Garg Taru, Marak Anita, Ahmed Riaz, Chander Ram, Jain Manjula
Department of Dermatology and STD, Lady Hardinge Medical College. New Delhi, India.
Dermatol Online J. 2017 Aug 15;23(8):13030/qt38f676n9.

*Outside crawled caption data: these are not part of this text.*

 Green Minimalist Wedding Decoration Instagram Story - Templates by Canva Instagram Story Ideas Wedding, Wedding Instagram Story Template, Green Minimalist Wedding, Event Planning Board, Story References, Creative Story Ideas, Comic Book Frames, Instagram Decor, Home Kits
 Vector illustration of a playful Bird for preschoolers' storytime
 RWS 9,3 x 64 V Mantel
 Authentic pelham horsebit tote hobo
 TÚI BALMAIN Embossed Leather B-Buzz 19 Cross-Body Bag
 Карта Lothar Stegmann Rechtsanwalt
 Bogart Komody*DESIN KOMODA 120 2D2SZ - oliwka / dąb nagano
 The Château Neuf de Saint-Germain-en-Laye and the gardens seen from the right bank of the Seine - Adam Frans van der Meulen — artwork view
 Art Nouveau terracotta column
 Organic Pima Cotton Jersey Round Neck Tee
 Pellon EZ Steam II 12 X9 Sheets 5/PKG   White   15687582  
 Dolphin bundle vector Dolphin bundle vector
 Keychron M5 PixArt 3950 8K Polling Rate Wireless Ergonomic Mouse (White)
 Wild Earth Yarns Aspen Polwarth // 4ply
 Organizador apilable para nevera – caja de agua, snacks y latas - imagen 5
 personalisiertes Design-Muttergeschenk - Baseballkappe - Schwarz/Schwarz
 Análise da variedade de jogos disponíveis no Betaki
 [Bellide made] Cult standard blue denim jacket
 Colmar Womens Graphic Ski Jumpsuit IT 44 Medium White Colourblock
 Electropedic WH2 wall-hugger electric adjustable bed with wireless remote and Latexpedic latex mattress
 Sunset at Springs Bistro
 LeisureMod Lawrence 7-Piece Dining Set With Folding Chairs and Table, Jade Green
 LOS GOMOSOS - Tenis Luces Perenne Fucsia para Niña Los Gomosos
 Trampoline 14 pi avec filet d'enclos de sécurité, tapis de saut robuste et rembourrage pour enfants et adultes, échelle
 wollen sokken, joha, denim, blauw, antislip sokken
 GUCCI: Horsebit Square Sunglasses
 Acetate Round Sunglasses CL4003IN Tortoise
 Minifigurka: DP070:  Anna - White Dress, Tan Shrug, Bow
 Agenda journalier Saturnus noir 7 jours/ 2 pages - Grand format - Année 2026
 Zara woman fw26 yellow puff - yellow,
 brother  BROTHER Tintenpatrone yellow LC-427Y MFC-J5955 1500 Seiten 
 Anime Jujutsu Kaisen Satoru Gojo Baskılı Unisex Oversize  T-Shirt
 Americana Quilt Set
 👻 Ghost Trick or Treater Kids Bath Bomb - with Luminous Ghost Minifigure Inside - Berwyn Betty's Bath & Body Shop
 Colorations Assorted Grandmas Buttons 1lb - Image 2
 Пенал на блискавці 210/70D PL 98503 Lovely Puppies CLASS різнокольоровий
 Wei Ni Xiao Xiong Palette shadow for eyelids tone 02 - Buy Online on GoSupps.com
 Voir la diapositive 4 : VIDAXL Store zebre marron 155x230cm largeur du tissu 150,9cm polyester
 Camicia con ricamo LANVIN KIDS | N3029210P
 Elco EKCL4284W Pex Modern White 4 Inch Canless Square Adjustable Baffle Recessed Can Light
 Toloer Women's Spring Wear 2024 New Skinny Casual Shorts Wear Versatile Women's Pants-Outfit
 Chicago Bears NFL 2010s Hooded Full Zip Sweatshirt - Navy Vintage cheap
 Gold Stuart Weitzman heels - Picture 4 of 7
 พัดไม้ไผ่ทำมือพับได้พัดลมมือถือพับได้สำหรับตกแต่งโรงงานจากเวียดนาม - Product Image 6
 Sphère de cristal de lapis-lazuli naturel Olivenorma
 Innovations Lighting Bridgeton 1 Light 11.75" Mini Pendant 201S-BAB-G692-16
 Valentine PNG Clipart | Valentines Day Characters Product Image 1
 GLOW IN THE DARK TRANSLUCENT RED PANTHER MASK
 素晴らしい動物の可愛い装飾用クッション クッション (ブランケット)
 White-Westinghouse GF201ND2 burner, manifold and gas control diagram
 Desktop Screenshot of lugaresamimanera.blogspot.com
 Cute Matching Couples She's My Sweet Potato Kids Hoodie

Primary localized cutaneous amyloidosis refers to a group of disorders characterized by deposition of amyloid in the dermis without any systemic involvement. It comprises the following clinical types: macular, lichenoid, nodular, and biphasic. There are also rare variants such as amyloidosis cutis dyscromica and poikiloderma-like cutaneous amyloidosis. We report a case of primary cutaneous amyloidosis in a 17-year-old boy with unusual pigmentation of various patterns (reticulate and diffuse pigmentation with mottling and rippling at places) and hypopigmented atrophic macules. Our patient also had nail, oral, and mucosal pigmentation that have not been described. Amyloid deposits were shown histopathologically in both hyperpigmented and hypopigmented macules.
原发性局限性皮肤淀粉样变是指一组以淀粉样蛋白沉积于真皮而无任何系统性受累为特征的疾病。它包括以下临床类型:斑疹型、苔藓样型、结节型和双相型。也有罕见的变异型,如皮肤异色性淀粉样变和类皮肤异色病样皮肤淀粉样变。我们报告一例17岁男孩的原发性皮肤淀粉样变,其有各种不寻常的色素沉着模式(网状和弥漫性色素沉着,局部有斑点和波纹)以及色素减退性萎缩斑。我们的患者还存在未被描述过的指甲、口腔和黏膜色素沉着。组织病理学显示色素沉着过多和色素沉着过少的斑疹中均有淀粉样蛋白沉积。